Gibbons, Sloviter, and Becker, Circuit Judges.

Author: Becker


BECKER, Circuit Judge.

This appeal in a Virgin Islands products liability case requires us to determine the quantum of evidence necessary to make out a case of breach of implied warranty of fitness for a particular purpose under U.C.C. § 2-315, V.I. Code Ann. tit. 11-A, § 2-315 (1965). Because under this cause of action a buyer must prove that he actually relied on the seller's skill or judgment in selecting the goods in question, and because at trial the plaintiff presented no such evidence, we must set aside a verdict grounded on section 2-315. The appeal also requires us to explore the relationship between the elements of liability under Restatement (Second) of Torts § 402A (strict products liability) and section 2-314 of the Uniform Commercial Code, V.I. Code Ann. tit. 11-A, § 2-314 (1965) (breach of seller's implied warranty of merchantability). Because we conclude that the requisites for liability under sections 402A and 2-314 are, under the facts of this case, coextensive, we therefore set aside as irreconcilably inconsistent, the jury's findings that a truck chassis manufactured and sold by defendant, International Harvester ("Harvester") was not defective and unreasonably dangerous, but that the sale breached Harvester's implied warranty of merchantability. To provide guidance for the district court on retrial, we also consider a number of evidentiary issues presented by the record.

I. Facts and Procedural History

Plaintiff Kenneth Gumbs, a truck driver, was employed by Tri-Island Enterprises, Inc. of St. Thomas to deliver water on the island of St. Thomas in an International Harvester Series 1800 truck on which was mounted a tank capable of holding 2700 gallons of water. On February 9, 1978, at about 4:00 a.m., plaintiff was driving the truck loaded to a gross weight of 33,000 pounds. He came to Cassi Hill (a 10% grade), shifted down into gear at the top of the hill, and began his descent. Plaintiff testified at trial that he heard a clanging sound, and that the truck began to gain speed. He applied the brakes to no avail and could not control the steering. At the first turn, a switchback, the truck hit the guardrail, went off the road, and rolled 325 feet to the bottom of a ravine, destroying the truck and injuring plaintiff's back.

Harry Howe, president of Tri-Island Enterprises, had purchased the series 1800 truck from International Harvester of Puerto Rico, Inc., after visiting the Harvester sales office in Chicago to discuss modifications to the vehicle.*fn1 Howe purchased this truck to replace an older International Harvester truck that had also been used to transport water. International Harvester of Puerto Rico removed the water tank from the older truck and installed it on the new truck.

Plaintiff sued Harvester in the District Court for the District of the Virgin Islands.
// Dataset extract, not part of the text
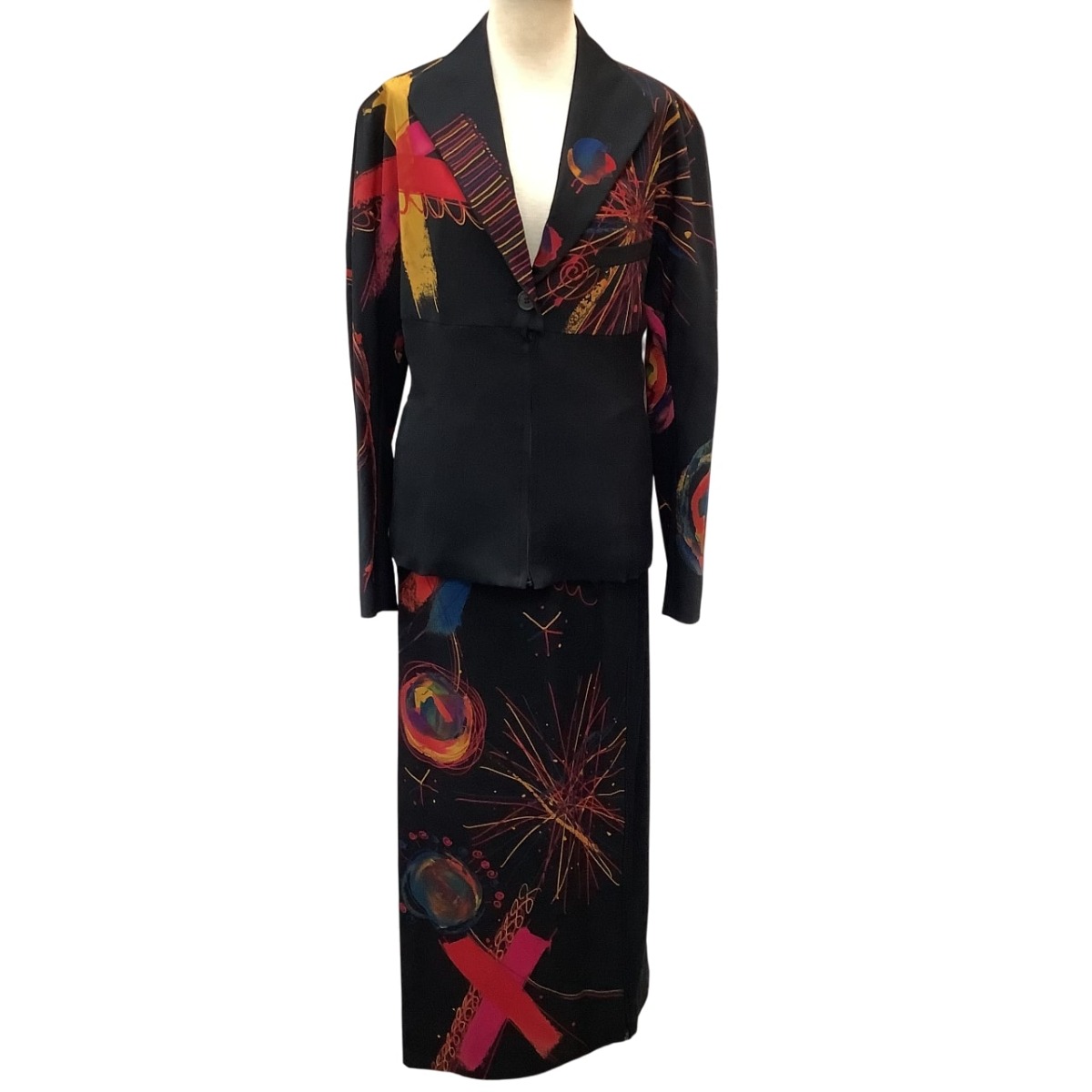 【中古】ISSEY MIYAKE イッセイミヤケ 激レア セットアップ 上衣 スコート SIZE L IM73-FD019 黒いこと B位置づける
He alleged that the accident was due to a defective U-bolt in the right rear axle of the Harvester truck that broke and caused him to lose control of the vehicle.*fn2 In the complaint, plaintiff predicated his claim on common-law negligence, strict liability (§ 402A), and breach of an implied warranty of merchantability (U.C.C. § 2-314). During the course of the trial, the Court dismissed the negligence claim, but accepted the plaintiff's contention that the jury should be instructed that he could also recover under a theory of implied warranty of fitness for a particular purpose (U.C.C. § 2-315).

The case was submitted to the jury on special interrogatories. The court submitted an interrogatory on section 402A and another on implied warranty of merchantability:

1. Do you find that defendant INTERNATIONAL HARVESTER, INC., being in the business of manufacturing and selling series 1800 Loadstar trucks, manufactured and sold the truck in question in this case in a defective condition, unreasonably dangerous to users or consumers thereof, and that the said truck was expected to and did reach the ultimate consumer (in this case Tri-Island Enterprises Inc. and its employee KENNETH GUMBS) without substantial change in the condition in which defendant manufactured and sold the said truck?

3. Do you find that the defendant INTERNATIONAL HARVESTER, INC. breached it's [sic] implied warranty of merchantability?

Special Interrogatories Submitted to the Jury, at 1 (capitalization in the original). The court additionally instructed the jury that interrogatory number three could also be answered in the affirmative if the jury found that Harvester breached an implied warranty of fitness for a particular purpose:

The question No. 3 goes to the cause about implied breach of warranty. The implied breach of warranty of merchantability or the implied breach of warranty for a particular purpose or both, and that question asks: Do you find the defendant International Harvester, Inc. breached its implied warranty of merchantability. Again, you answer yes or no.

Transcript, May 15, 1982, at 47.

The jury found no liability on the section 402A strict liability theory, but answered affirmatively to the third interrogatory, which, by virtue of the jury charge, encompassed both breach of implied warranty of merchantability and implied warranty of fitness for a particular purpose. Having found that a breach of warranty -- under either section 2-314 or 2-315 -- caused the accident and plaintiff's injuries, the jury awarded the plaintiff $286,569.00. It reduced this amount by 20% for comparative fault, however.*fn3

Harvester moved for judgment notwithstanding the verdict or, in the alternative, for a new trial. The district court denied that motion by memorandum order entered June 11, 1982. Harvester appeals and advances two principal arguments. First, Harvester asserts there was no evidence upon which the jury could have based a finding of breach of warranty of fitness for a particular purpose. Second, noting that the jury's affirmative answer to the breach of warranty interrogatory must therefore rest on a breach of an implied warranty of merchantability, Harvester argues that the elements of the ...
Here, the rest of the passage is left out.